For this exercise, retype the lines from the one that holds "汉尼hany 2015新款西服套装男士商务正装结婚礼服高档西装套装男 货到" through the one that holds "A beautiful sunrise..." in the records below, both included, exactly and without pictures.

──────── RECORDS TO USE ────────

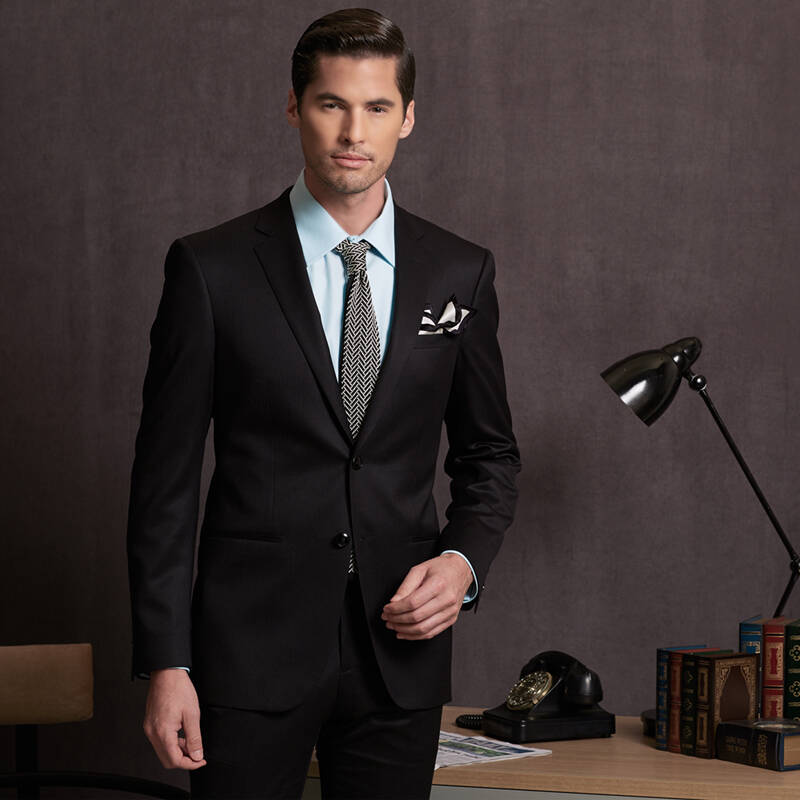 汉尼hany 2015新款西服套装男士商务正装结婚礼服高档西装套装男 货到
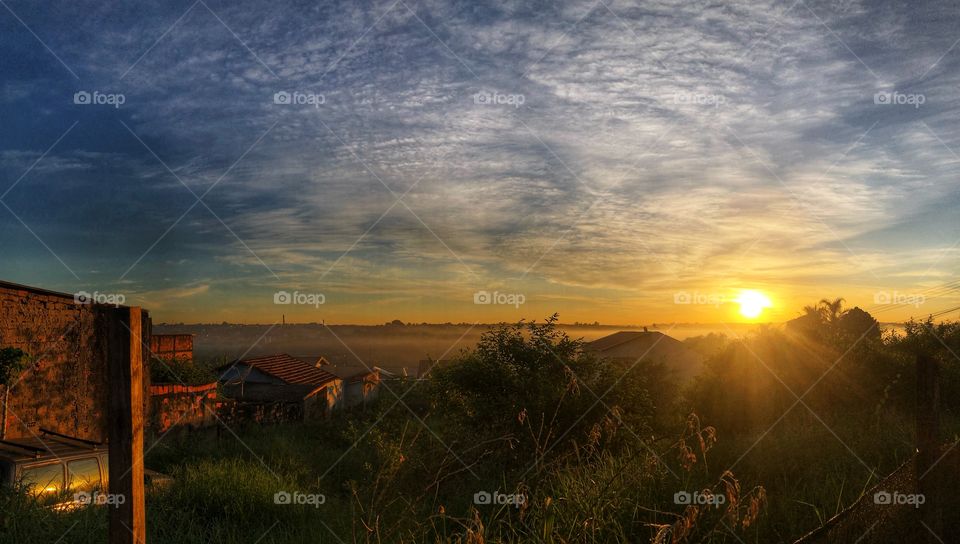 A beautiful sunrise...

────────
──────── RECORDS TO USE ────────

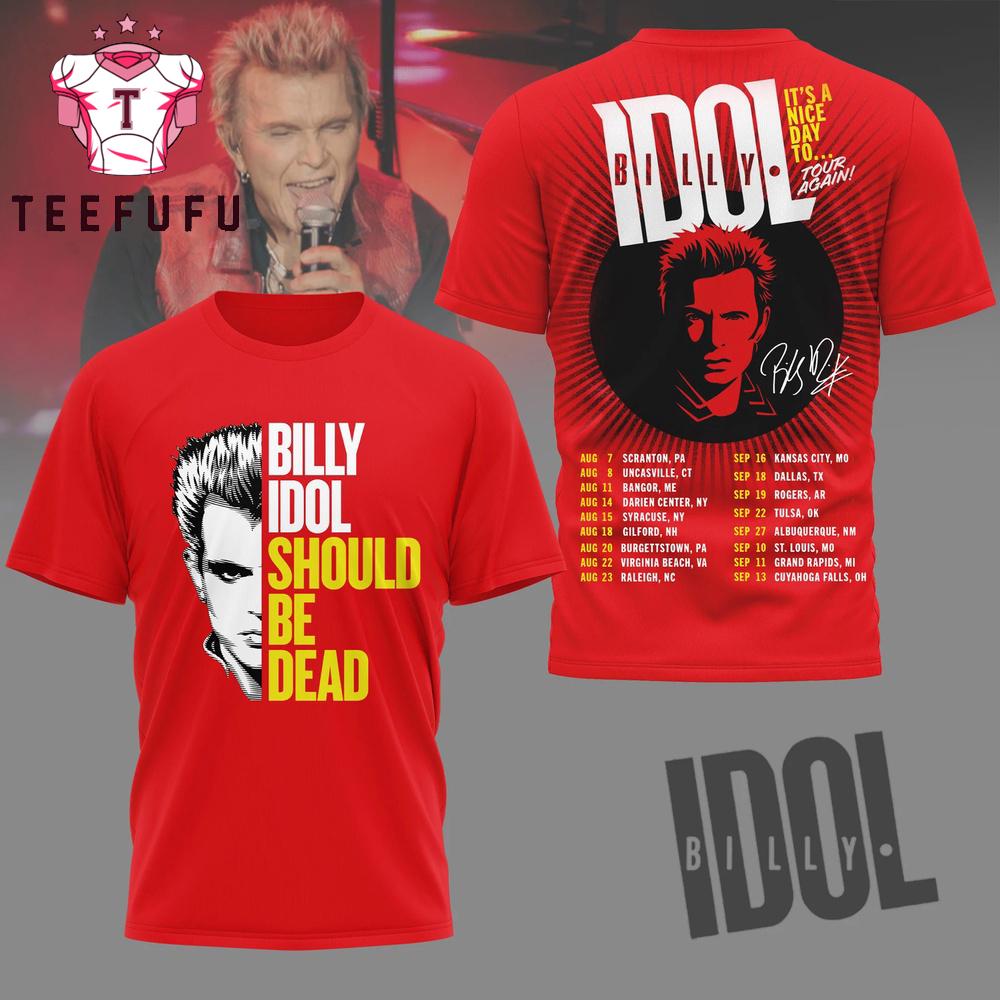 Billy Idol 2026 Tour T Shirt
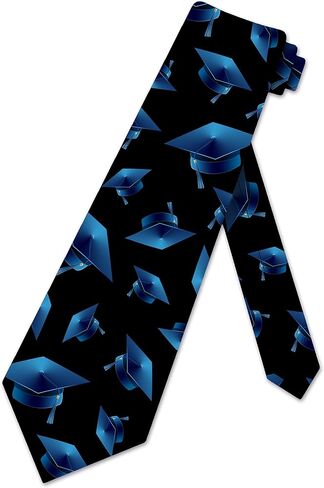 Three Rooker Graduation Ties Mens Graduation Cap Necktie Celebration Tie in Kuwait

────────

*COMPLETED EXERCISE*
 汉尼hany 2015新款西服套装男士商务正装结婚礼服高档西装套装男 货到
 A beautiful sunrise...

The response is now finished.